16. I have gone through the record of appeal and the submission on record and in my view the issue that arises for this Court to determine is whether the sentence imposed by the trial Court was manifestly harsh and excessive.

17. The Appellant seeks to challenge his sentence for the offence of defilement Contrary to Section 8 (1) as read with Section 8 (4) of the Sexual Offences Act which provides as follows;

Defilement

1.  A person who commits an act which causes penetration with a child is guilty of an offence termed defilement.

2. ….....................................................

3. ...........................................................

4. A person who commits an offence of defilement with a child between the age of sixteen and eighteen years is liable upon conviction to imprisonment for a term of not less than fifteen years.

18. In the present case, the Trial Magistrate at page 7 of her judgment noted she had considered the Appellant’s mitigation and had treated him as a first offender and sentenced the Appellant to 15 years’ imprisonment which is the minimum sentence provided for under Section 8 (4) of the Sexual Offences Act for the offence that the Appellant was charged with.

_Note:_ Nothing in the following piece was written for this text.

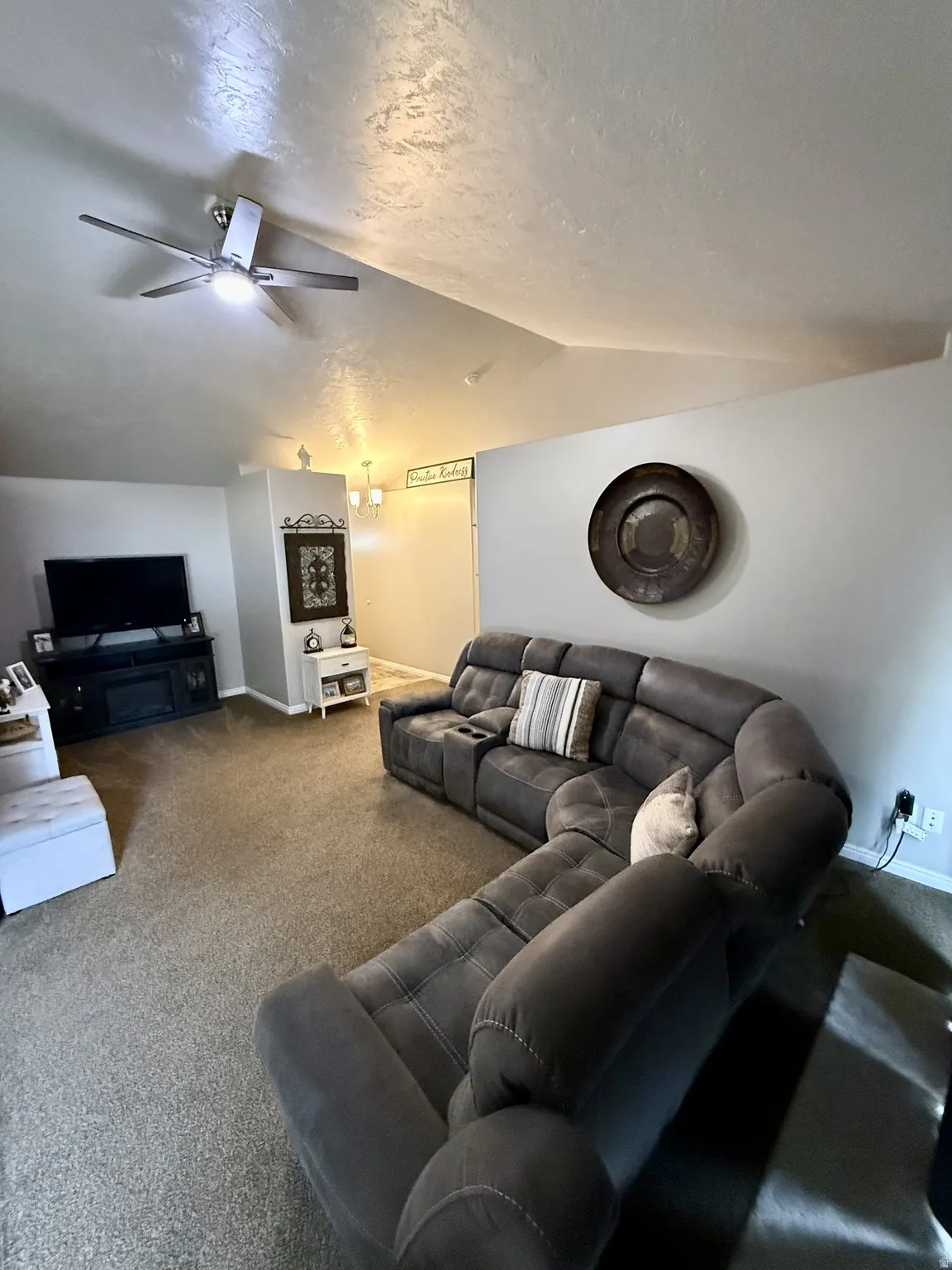 Spacious living area featuring vaulted ceilings, a ceiling fan with integrated lighting, and neutral carpeting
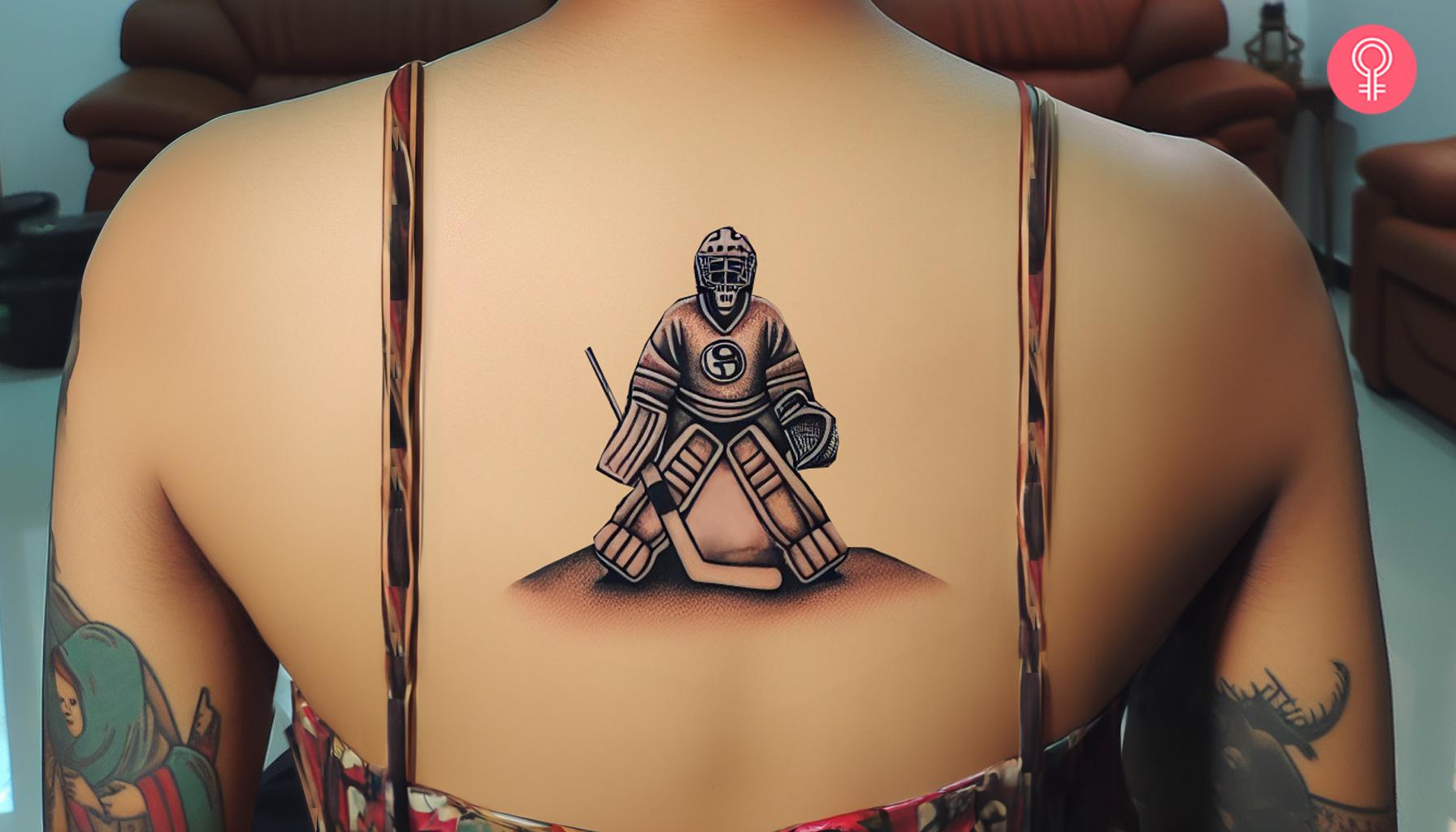 Hockey goalie tattoo on the back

19. It is not in dispute that the complainant was a minor aged 16 years and therefore had no capacity to consensual sex. However, the Complainant and the Appellant knew each other and had even cohabited for a period of four months as stated by the Appellant in his defence prior to the complainant having a child. The Appellant testified in his defence that when he met the complainant she was not going to school and she deceived him that she was an adult. The complainant indeed testified that she was in a relationship with the Appellant. He also stated that if released, he is ready to take care of his child. The Appellant denied defiling the complainant instead testified that they were in a relationship and engaged in consensual sex. On cross examination, PW6 stated that the complainant was defiled she was a child.

20. Section 8 (5) and (6) of the Sexual Offences Act provides as follows

“(5) It is a defence to a charge under this section if-

(a)it is proved that such child, deceived the accused person into believing that he or she was over the age of eighteen years at the time of the alleged commission of the offence; and

(b)the accused reasonably believed that the child was over the age of eighteen years.

(6)  The belief referred to in subsection (5)(b) is to be determined having regard to all the circumstances, including any steps the accused person took to ascertain the age of the complainant.”

21. The Court of appeal in Eliud Waweru Wambui v Republic[2019] eKLR held that;

“We think also that it stands to reason that a person is more likely to be deceived into believing that a child is over the age of 18 years if the said child is in the age bracket of 16 to 18 years old, and that the closer to 18 years the child is, the more likely the deception, and the more likely the belief that he or she is over the age of 18 years. We find merit in the Appellant’s contention that in all the circumstances of the case he reasonably believed that the complainant was over the age of 18 years. The burden of proving that deception or belief fell upon the Appellant, but the burden is on a balance of probabilities and is to be assessed on the basis of the Appellant’s subjective view of the facts. Thus, whereas indeed the complainant was still in school in Form 4, that alone would not rule out a reasonable belief that she would be over 18 years old. It is also germane to point out that a child need not deceive by way of actively telling a lie that she is over the age of 18 years. We would give the term deceive the ordinary dictionary meaning which is to;

“Deliberately cause (someone) to believe something that is not true or (of a thing) given a mistaken impression to.”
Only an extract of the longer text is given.